I collected Louis and Wil from the airport on Friday afternoon and took them back to my place for some gentle puzzling, a lot of banter, some Teriyaki Chicken for dinner and then some more chatting and a lot more puzzling. In between I got to have a sneak peek into the puzzles that Wil had brought along for us to drool over, play with, and even purchase if the mood took you.
Wil had brought a Japanese “Top Spin” Top as a gift for Gill (her first puzzling thing, if you don’t count me!) and a lovely little burr from Mine called a “Little Twister” for me. Gill loves the top and I found the “Little Twister” a really cute little burr – as the name suggests, not all moves are orthogonal and it’s remarkably interesting for “just” a collar and two pieces! Those two pieces are rather oddly-shaped and more than a bit confusing – everyone who had a bash at it on Saturday seemed to enjoy it as well judging by the number of times Wil was asked if he had any more of them.  (He didn’t ... and they don’t seem to be listed on Mine’s web shop either...) 

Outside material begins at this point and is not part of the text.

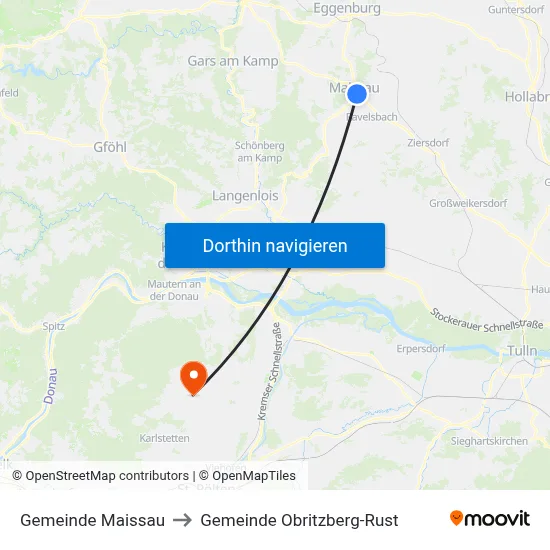 Gemeinde Maissau to Gemeinde Obritzberg-Rust map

Louis then presented me with a Coolen original puzzle box (#3) – dubbed the A-Mazing box by Wil and the first ever burr he’d made – using 1cm oak sticks – in pieces – nice bloke, eh? [I won’t say much more about those in this post, they deserve another to themselves ... and I still need to work out how to open the box!] 

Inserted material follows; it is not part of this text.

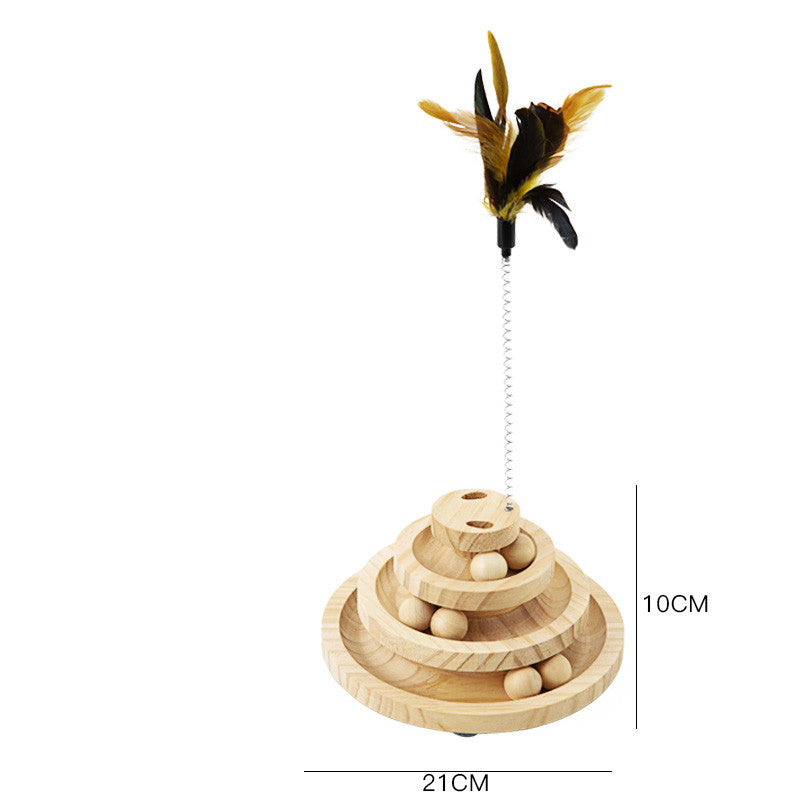 Solid Wood Turntable Bite Resistant Interactive Pet Toy
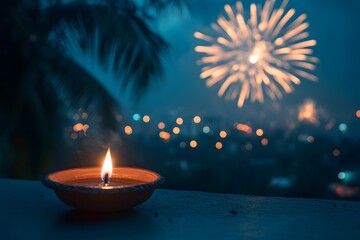Fototapeta premium Glowing oil lamp with fireworks exploding against a dark blue night sky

While Wil and Louis amused themselves in the study with some of my toys, I trawled through Wil’s boxes for sale and found several rather appealing little numbers – including two that weren’t for sale! He’d brought a couple of new little aluminium dovetail designs to ask what we thought of them (I think 'wild enthusiasm' would sum that up rather neatly!) as well as another aluminium sequential discovery puzzle that he’s still working on – that one stumped all comers, but he’s not quite happy with it yet... keep an eye out for a Lotus Puzzle at some point – it will be good. Having found a use for all the left-over Euros from my last holiday, and added some Paypal on top of it, I had a nice little haul of new puzzles to add to the still-modest, but steadily growing hoard in the study. 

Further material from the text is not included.